In the case of any materials/tools or test parts being provided by the customer, he/she shall assume exclusive responsibility for ensuring that the tools/materials or test parts provided comply with the agreed quality, and that they are suitable for meeting the requirements in terms of the use of the delivery or the normal use thereof, as stipulated in the contract. If the customer does not comply with the aforementioned obligations, he shall indemnify TS Verbindungsteile GmbH against any and all claims.
11.3 Unless agreed to the contrary, the production of test parts, including the costs for any moulds and tools required, shall be borne by the customer.
11.4 TS Verbindungsteile GmbH's obligation to exercise care with regard to the use and safekeeping of tools, moulds and other production equipment provided by the customer shall be limited to its own use thereof. Costs for the maintenance and care thereof shall be borne by the customer, unless agreed to the contrary.
12. Place of Fulfilment, Court of Jurisdiction, Applicable Law
12.1 The place of fulfilment for both parties and for all current and future claims arising from the contractual relationship is 54634 Bitburg, Germany.
12.2 The court of jurisdiction for all disputes arising from the contractual relationship is Bitburg. TS Verbindungsteile GmbH is also entitled to take legal action against the customer at his place of business.
12.3 The law of the Federal Republic of Germany applies exclusively. The applicability of the United Nations Convention on Contracts for the International Sale of Goods of 11 April 1980 (UN Sales Convention/CISG) is excluded.
13. Changes to the Contract, Other Conditions
13.1 Any amendments and supplements to contracts that are binding for the contracting parties, as well as any annexes thereto, must be made in writing. This also applies in the event of any waiver of the requirement for the written form.
13.2 Any legally binding declarations by and towards TS Verbindungsteile GmbH are only effective if they are issued or received by persons authorised to represent the company. Sales offices, factory representatives, authorised dealers and general representatives do not have any legal powers of attorney and are therefore not authorised to represent the company.
13.3 No party may plead an actual practice that deviates from the terms of this contract, as long as the deviation has not been specified in writing.
13.4 Contractual rights towards TS Verbindungsteile GmbH are not transferable without the prior written consent of TS Verbindungsteile GmbH.

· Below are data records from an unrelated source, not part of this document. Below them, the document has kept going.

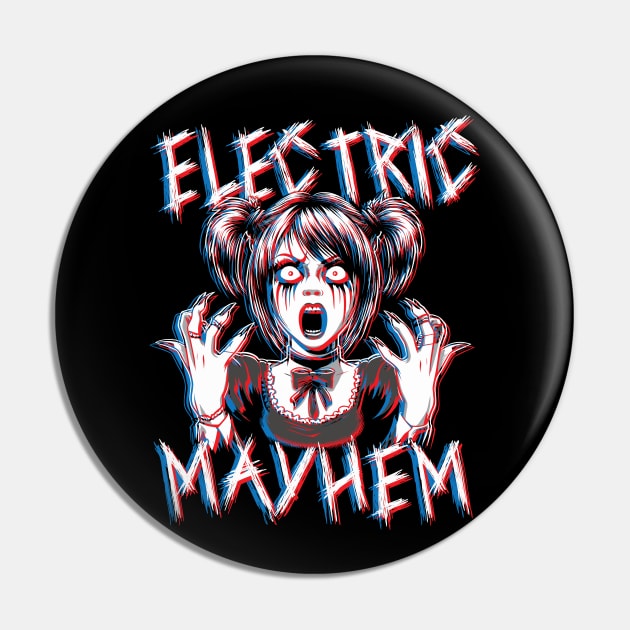 Mayhem Pin by Trendsdk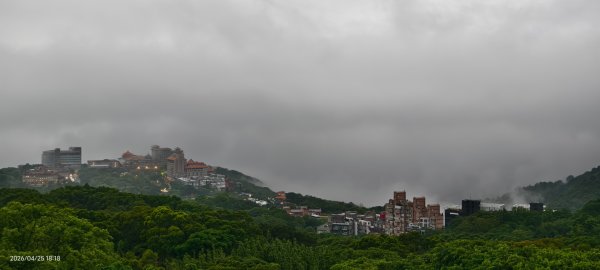 #文化大學 #雲海 #琉璃光 #陽明山秘境 4/253042469
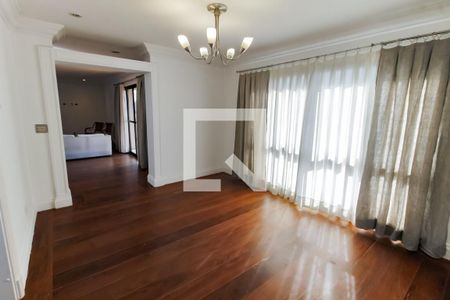 Sala 2 de apartamento para alugar com 5 quartos, 540m² em Real Parque, São Paulo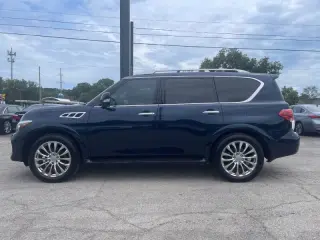 2015 Infiniti QX80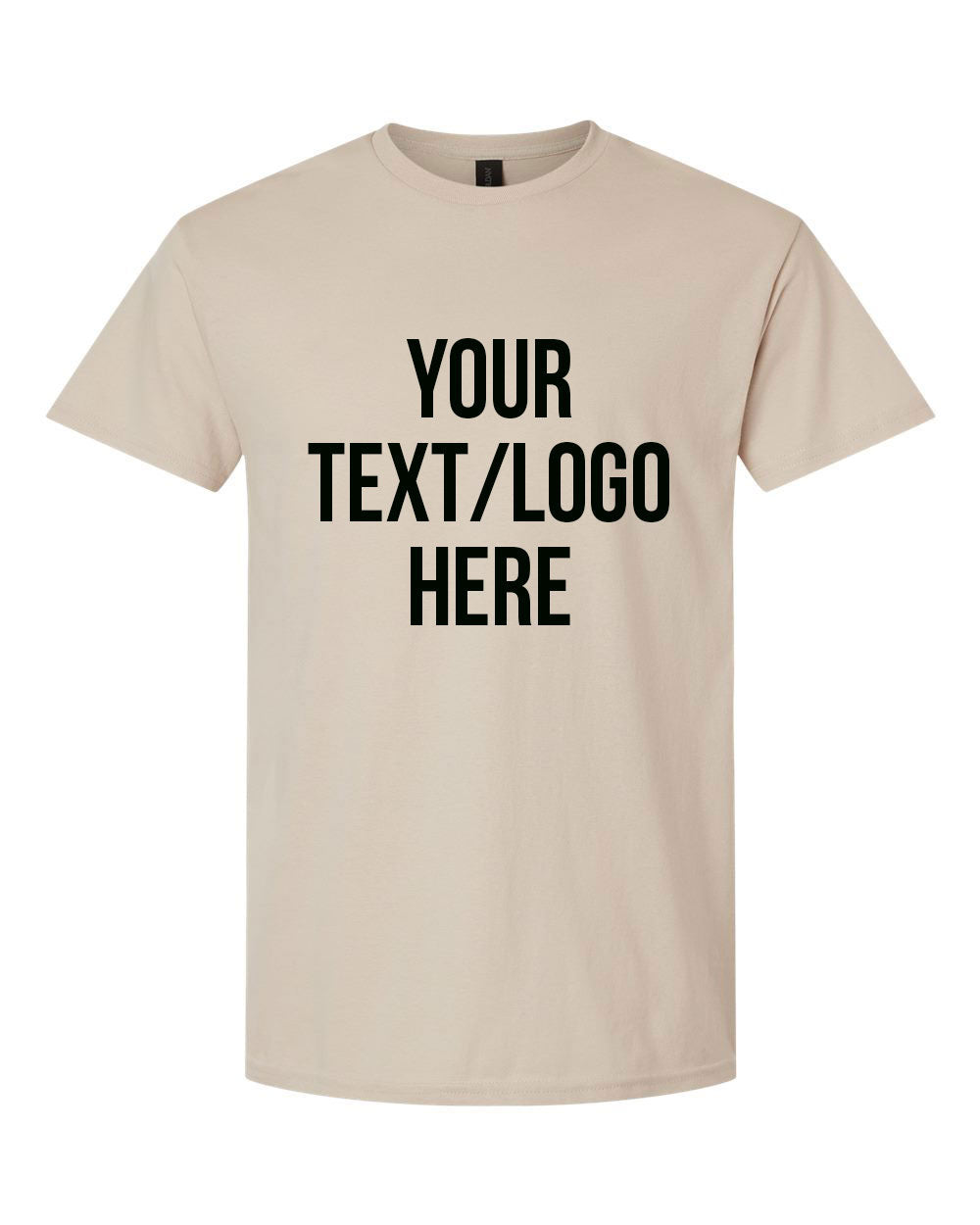 GildanLight Cotton T-Shirt 3000 Customized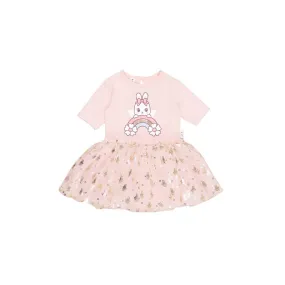 Huxbaby Fairy Bunny Ballet Dress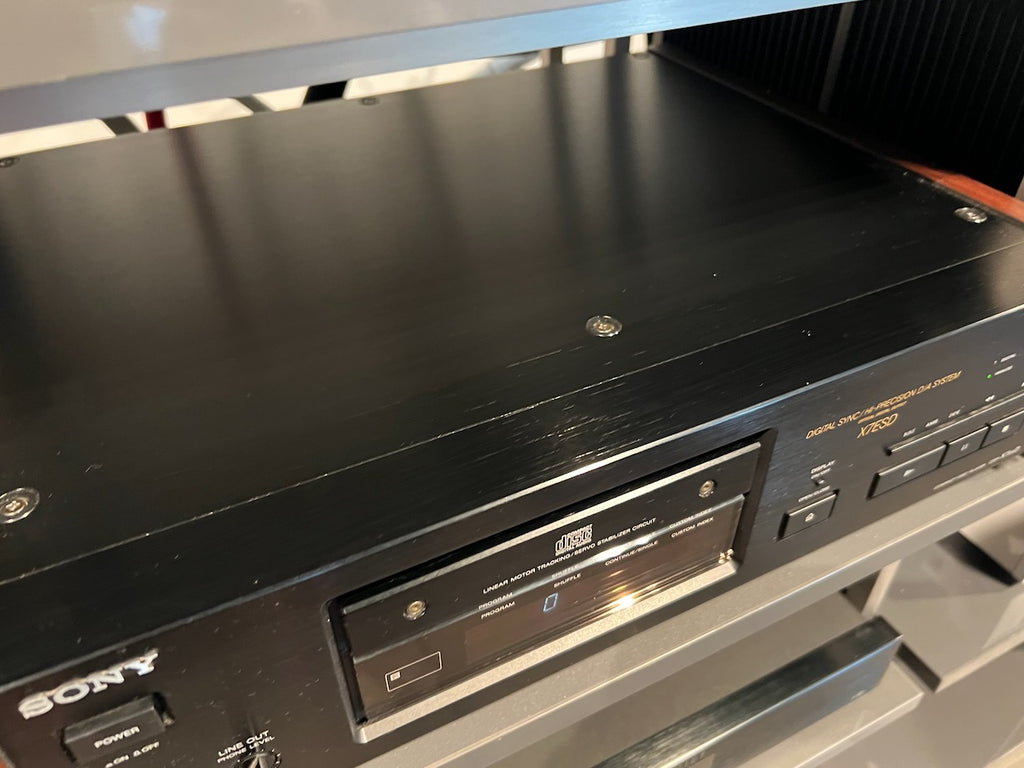 SONY CDP-X7esD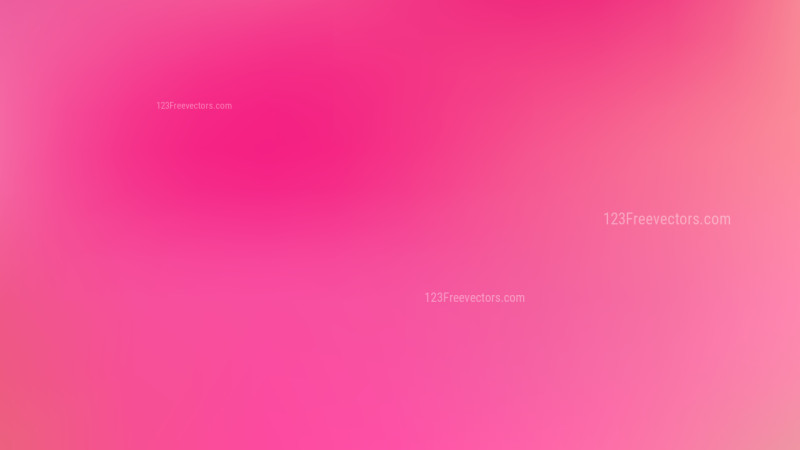 Rose Pink PPT Background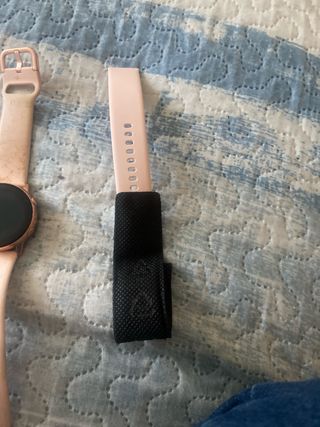 Samsung Galaxy Watch Active - Dorado/Rosa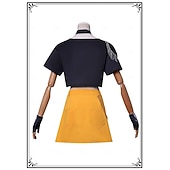 levne Dívčí kostýmy-Lovci démonů z K-Popu Mira Rúmí Zoey Cosplay kostým Skupinový kostým Krásné šaty Huntrix Filmové kostýmy for Dámské Dívčí Dětské Dospělé předvečer Všech svatých Karneval Výkon Comic Con Výstava anime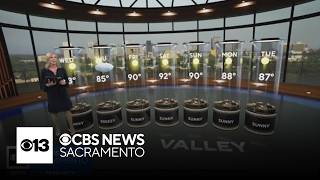 Tuesday evening Northern California weather forecast: June 30, 2026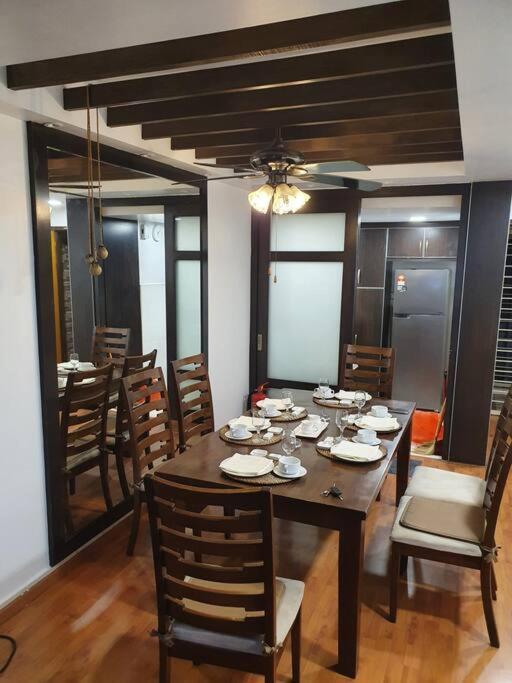 Putra Villa Condo Куала-Лумпур Екстер'єр фото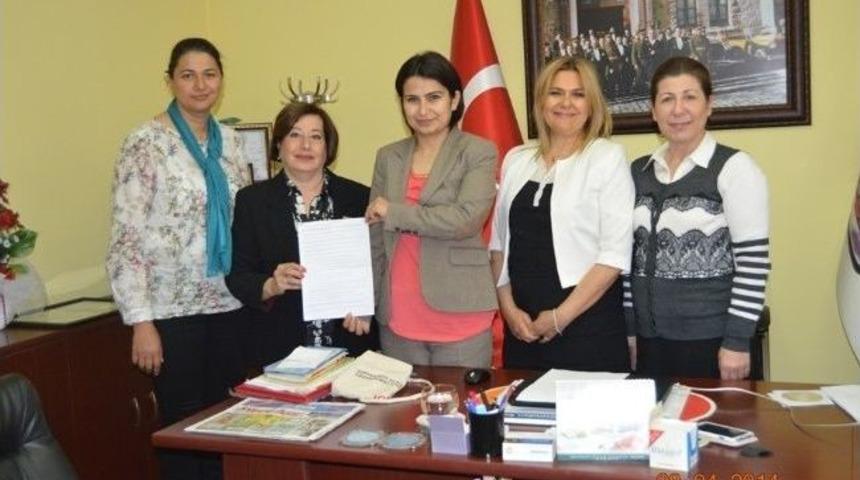 &ldquo;kiraz İzmir'in G&ouml;zbebeği Olacak&rdquo;
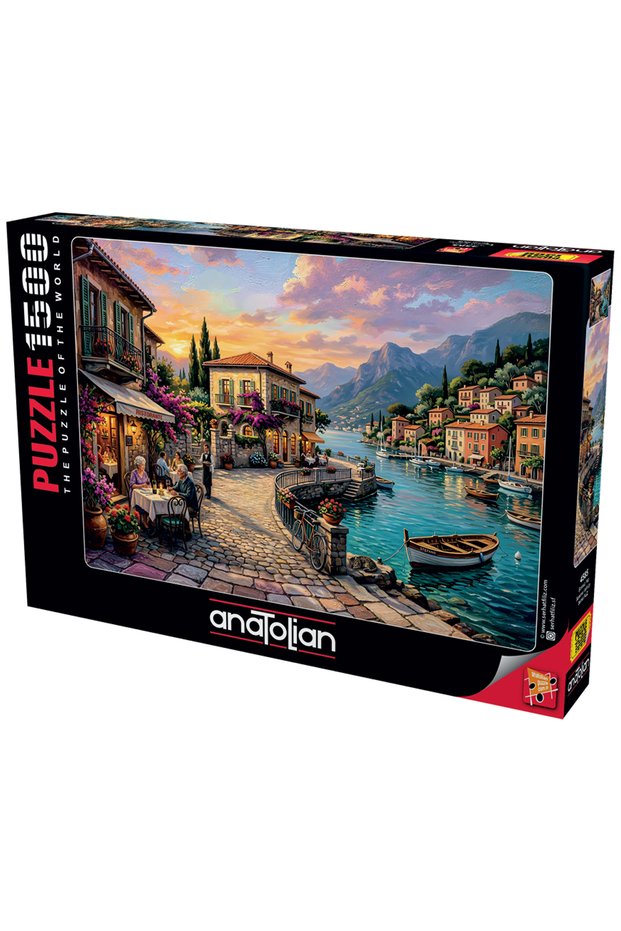 1500 Piece Jigsaw Puzzle - Endless Summer 4585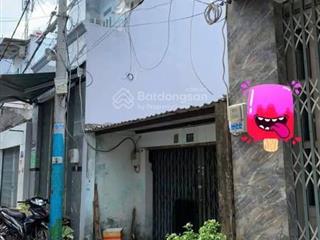 Nhà nát hẻm xe hơi 5m tô hiệu cách mặt tiền chỉ 2 căn 4x20m cn 80m2 giá 6.1 tỷ  0936 999 ***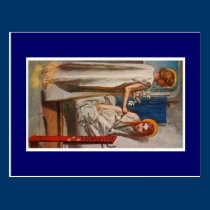 Postcard - Arch Angel postcards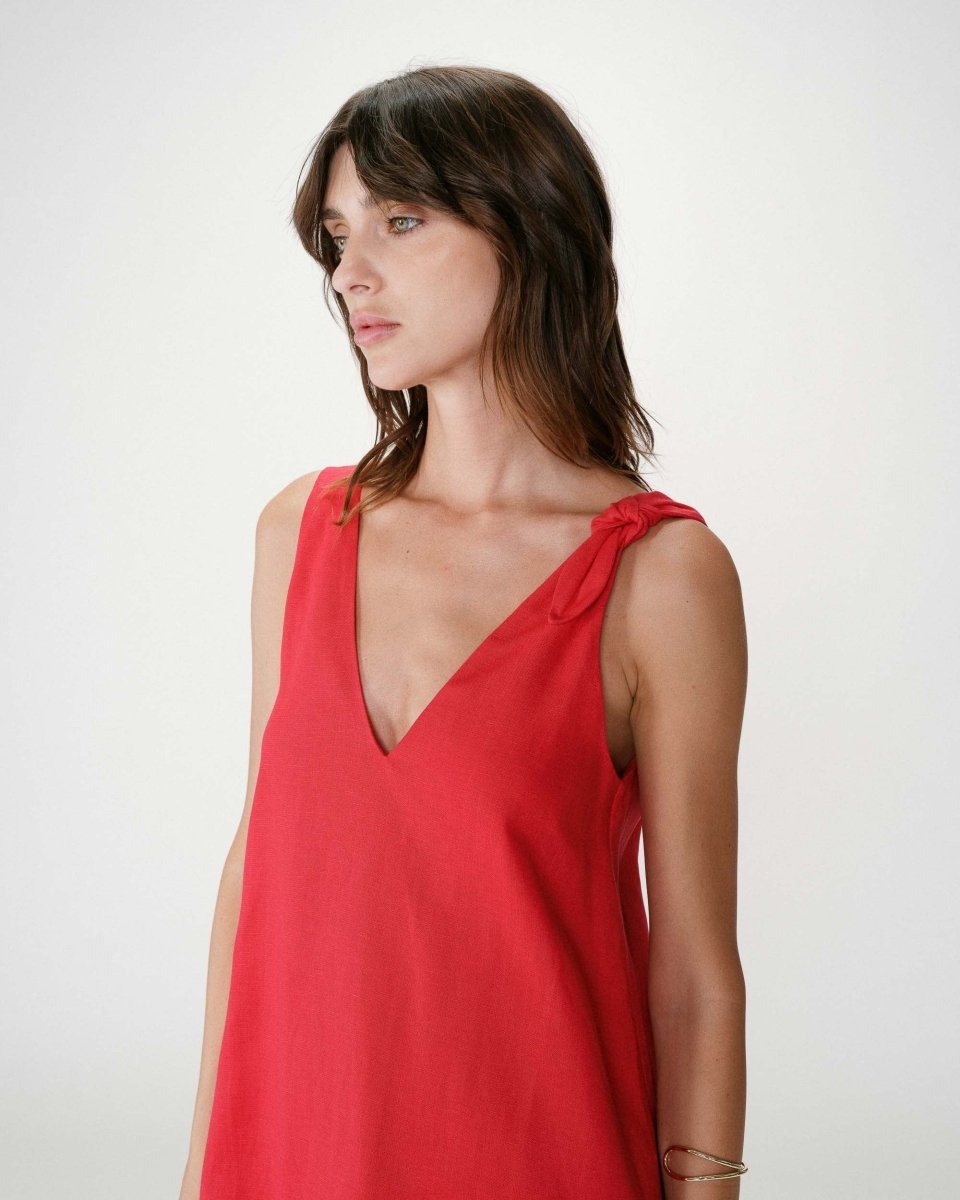 Wynette Robe Courte – Jurken voor dames in kleur | Meisjes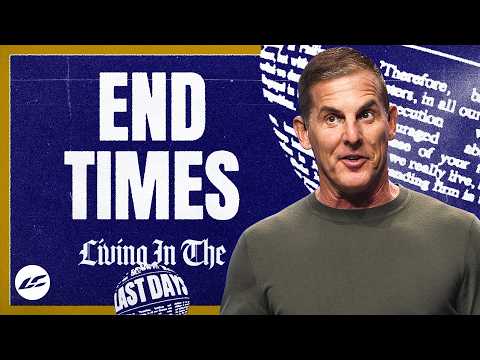 Preparing for the Return of Christ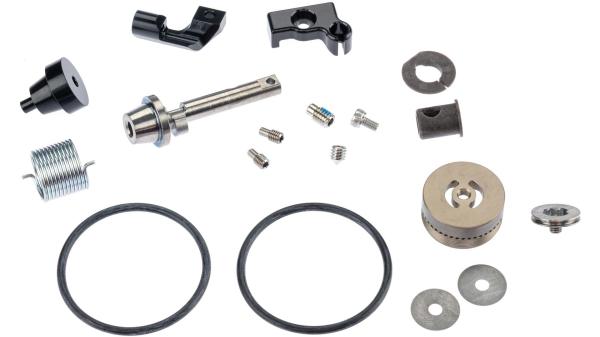 RockShox SIDLuxe  Unisize schwarz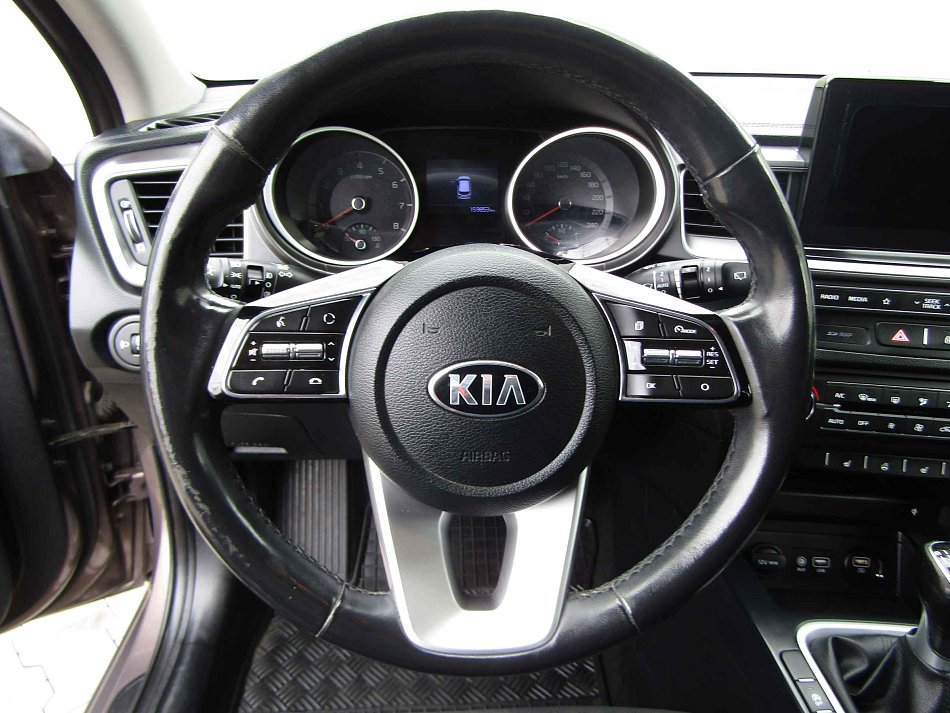 Kia Ceed 1.4 T-GDI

13.5 Should any of the foregoing provisions be or become invalid or unenforceable, or should the parties determine that a loophole exists, the validity of the remaining provisions shall not be affected thereby. An appropriate provision shall replace the invalid or unenforceable provision or close the loophole. As far as legally permissible, this shall come as close as possible to the intentions of the contracting parties if they had considered that point when concluding the contract or including a subsequent provision. At this time, the contracting parties have already agreed on a valid or feasible provision in such a case, or a provision to close the loophole, that comes as close to the intents and purposes of the respective contract as possible from an economic perspective.